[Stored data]
╔══

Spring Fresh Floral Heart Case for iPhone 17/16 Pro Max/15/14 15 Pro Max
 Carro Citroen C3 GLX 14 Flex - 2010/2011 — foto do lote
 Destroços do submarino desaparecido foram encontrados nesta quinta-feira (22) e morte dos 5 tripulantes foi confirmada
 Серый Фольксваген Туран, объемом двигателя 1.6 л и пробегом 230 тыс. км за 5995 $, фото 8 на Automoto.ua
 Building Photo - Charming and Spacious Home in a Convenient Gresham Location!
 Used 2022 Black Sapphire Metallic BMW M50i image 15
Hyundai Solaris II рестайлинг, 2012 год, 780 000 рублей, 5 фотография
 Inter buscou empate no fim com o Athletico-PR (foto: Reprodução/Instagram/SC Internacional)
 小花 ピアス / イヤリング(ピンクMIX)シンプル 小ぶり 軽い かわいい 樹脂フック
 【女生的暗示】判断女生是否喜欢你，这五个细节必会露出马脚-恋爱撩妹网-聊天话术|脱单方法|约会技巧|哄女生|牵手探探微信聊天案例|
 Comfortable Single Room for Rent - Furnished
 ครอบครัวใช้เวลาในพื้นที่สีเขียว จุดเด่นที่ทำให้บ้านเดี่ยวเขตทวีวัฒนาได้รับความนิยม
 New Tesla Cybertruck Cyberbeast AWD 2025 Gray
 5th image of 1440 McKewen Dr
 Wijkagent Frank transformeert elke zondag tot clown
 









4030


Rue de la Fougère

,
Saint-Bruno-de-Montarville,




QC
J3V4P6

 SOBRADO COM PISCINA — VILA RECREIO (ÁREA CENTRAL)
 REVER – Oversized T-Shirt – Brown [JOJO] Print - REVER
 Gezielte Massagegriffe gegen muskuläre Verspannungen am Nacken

╚══

What the task asks: The lines to write out run from the one with "Hyundai Solaris II" through the end of the records. Give them exactly, and only them.

Task result:
Hyundai Solaris II рестайлинг, 2012 год, 780 000 рублей, 5 фотография
 Inter buscou empate no fim com o Athletico-PR (foto: Reprodução/Instagram/SC Internacional)
 小花 ピアス / イヤリング(ピンクMIX)シンプル 小ぶり 軽い かわいい 樹脂フック
 【女生的暗示】判断女生是否喜欢你，这五个细节必会露出马脚-恋爱撩妹网-聊天话术|脱单方法|约会技巧|哄女生|牵手探探微信聊天案例|
 Comfortable Single Room for Rent - Furnished
 ครอบครัวใช้เวลาในพื้นที่สีเขียว จุดเด่นที่ทำให้บ้านเดี่ยวเขตทวีวัฒนาได้รับความนิยม
 New Tesla Cybertruck Cyberbeast AWD 2025 Gray
 5th image of 1440 McKewen Dr
 Wijkagent Frank transformeert elke zondag tot clown
 









4030


Rue de la Fougère

,
Saint-Bruno-de-Montarville,




QC
J3V4P6

 SOBRADO COM PISCINA — VILA RECREIO (ÁREA CENTRAL)
 REVER – Oversized T-Shirt – Brown [JOJO] Print - REVER
 Gezielte Massagegriffe gegen muskuläre Verspannungen am Nacken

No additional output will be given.